L’annulation récente de deux expositions au Art Museum of the Americas, à Washington, fait craindre un mouvement de plus grande ampleur.
Souvenez-vous, c’était en 2016. Autant dire la préhistoire. Le président américain Barack Obama inaugurait en grande pompe à Washington le Musée national de l’histoire et de la culture afro-américaines. « L’histoire américaine est profondément africaine-américaine, affirme alors son conservateur Paul Gardullo, au New York Times. Vous ne pouvez pas comprendre l’Amérique sans l’Amérique noire. » En 2020, l’onde de choc du mouvement Black Lives Matter, à la suite du meurtre de George Floyd, provoque un séisme dans les musées américains, qui, conscients de leur faible diversité, multiplient alors les expositions autour de grandes figures noires.
Cinq ans plus tard, changement de régime. L’Art Museum of the Americas, un établissement situé à un jet de pierre de la Maison Blanche, vient d’annuler deux expositions prévues au printemps, l’une mettant en vedette des artistes afro-américains, afro-latinos et caribéens, l’autre sur des artistes queer des Caraïbes. Selon le Washington Post et le site Hyperallergic qui ont rapporté les deux cas, le musée aurait pris cette décision pour se conformer aux ordres de l’administration Trump de supprimer les programmes diversité, équité et inclusion (DEI), instaurés sous Joe Biden.
Ce coup-là, Cheryl D. Evans, commissaire de l’exposition Before the Americas, ne l’avait pas vu venir. « Le propos ne portait pas sur les questions de DEI », précise-t-elle au Monde, rappelant que l’accrochage réunissait les artistes de 17 pays autour de la question de la mémoire des ancêtres. Parmi eux, quelques grands noms comme le peintre cubain Wifredo Lam ou Martin Puryear, qui a représenté les Etats-Unis en 2019 à la Biennale de Venise. « Quand le financement m’a été accordé l’an dernier, j’ai supposé qu’il n’y aurait aucun problème », poursuit Cheryl D. Evans.
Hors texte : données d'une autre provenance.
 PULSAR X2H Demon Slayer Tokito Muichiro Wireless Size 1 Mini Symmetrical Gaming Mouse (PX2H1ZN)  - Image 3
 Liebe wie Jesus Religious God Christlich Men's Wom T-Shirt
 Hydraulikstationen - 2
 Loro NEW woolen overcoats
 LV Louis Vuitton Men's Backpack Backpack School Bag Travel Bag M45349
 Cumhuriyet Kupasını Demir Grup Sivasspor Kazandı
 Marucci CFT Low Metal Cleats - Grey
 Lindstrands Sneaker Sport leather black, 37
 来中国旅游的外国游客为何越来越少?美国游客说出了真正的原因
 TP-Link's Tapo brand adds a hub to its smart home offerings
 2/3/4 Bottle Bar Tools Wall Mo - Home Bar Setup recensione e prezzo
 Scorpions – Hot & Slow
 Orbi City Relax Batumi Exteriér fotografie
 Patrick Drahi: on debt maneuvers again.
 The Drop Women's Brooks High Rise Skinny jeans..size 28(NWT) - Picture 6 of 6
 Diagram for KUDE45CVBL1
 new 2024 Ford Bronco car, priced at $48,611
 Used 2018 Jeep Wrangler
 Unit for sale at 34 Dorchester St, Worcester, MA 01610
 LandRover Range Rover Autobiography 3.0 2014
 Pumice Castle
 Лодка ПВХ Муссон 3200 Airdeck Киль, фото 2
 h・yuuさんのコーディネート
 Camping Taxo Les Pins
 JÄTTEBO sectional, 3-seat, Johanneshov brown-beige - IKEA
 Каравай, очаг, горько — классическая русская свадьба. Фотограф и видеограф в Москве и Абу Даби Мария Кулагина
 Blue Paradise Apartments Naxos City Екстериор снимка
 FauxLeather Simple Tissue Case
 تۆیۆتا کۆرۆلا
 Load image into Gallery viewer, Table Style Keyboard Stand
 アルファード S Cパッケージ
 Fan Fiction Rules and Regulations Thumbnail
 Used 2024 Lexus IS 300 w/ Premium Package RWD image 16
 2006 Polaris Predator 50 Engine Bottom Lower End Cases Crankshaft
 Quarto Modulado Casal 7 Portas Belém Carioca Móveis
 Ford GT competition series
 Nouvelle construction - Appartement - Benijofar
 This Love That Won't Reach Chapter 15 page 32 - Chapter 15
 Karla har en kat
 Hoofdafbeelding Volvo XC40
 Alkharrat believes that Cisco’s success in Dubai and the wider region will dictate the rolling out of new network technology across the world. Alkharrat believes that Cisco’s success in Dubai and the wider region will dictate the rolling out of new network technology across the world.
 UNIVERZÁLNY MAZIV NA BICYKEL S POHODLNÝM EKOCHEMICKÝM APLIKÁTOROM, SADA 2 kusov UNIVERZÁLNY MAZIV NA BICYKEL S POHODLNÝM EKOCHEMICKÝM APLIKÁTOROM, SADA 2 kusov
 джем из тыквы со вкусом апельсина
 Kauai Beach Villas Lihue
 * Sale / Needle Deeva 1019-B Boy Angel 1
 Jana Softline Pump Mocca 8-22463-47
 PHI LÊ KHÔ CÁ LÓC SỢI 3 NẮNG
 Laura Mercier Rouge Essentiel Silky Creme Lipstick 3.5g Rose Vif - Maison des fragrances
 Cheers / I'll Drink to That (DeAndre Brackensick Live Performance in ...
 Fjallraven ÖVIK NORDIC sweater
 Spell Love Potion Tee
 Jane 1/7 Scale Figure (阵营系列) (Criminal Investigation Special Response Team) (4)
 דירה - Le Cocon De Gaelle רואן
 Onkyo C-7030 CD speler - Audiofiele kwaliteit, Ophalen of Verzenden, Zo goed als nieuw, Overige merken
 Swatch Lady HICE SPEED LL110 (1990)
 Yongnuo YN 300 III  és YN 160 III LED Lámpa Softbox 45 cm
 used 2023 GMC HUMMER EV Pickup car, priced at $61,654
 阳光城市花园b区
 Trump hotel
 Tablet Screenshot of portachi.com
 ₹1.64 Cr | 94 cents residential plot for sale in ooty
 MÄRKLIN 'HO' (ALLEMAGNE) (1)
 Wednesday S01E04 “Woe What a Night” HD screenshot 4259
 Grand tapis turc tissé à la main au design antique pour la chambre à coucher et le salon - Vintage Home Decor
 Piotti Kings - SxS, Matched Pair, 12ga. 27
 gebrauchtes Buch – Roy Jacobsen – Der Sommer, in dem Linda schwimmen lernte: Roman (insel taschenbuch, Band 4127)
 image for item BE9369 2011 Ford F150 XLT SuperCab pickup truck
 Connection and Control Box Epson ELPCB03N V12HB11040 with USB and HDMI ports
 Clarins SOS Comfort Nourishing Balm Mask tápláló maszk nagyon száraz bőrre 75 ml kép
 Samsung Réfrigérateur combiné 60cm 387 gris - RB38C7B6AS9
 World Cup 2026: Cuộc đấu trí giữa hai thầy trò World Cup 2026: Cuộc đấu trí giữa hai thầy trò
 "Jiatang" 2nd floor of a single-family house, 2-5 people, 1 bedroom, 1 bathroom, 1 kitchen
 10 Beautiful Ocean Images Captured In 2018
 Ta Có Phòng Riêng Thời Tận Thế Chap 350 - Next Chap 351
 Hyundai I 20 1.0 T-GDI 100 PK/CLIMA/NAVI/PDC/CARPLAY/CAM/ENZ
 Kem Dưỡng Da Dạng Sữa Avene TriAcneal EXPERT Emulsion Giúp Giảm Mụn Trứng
L’« ère de la famine » culturelle
Pour compléter la manne publique de 22 000 dollars (20 300 euros), elle avait d’ailleurs commencé à lever des fonds auprès des privés. Jusqu’à ce qu’elle reçoive le 30 janvier un e-mail d’Adriana Ospina, directrice du musée, lui enjoignant de stopper la réalisation du catalogue, « en raison des directives de [leur] service financier ». Le couperet est finalement tombé le 6 février, moins de deux mois avant la tenue de l’exposition.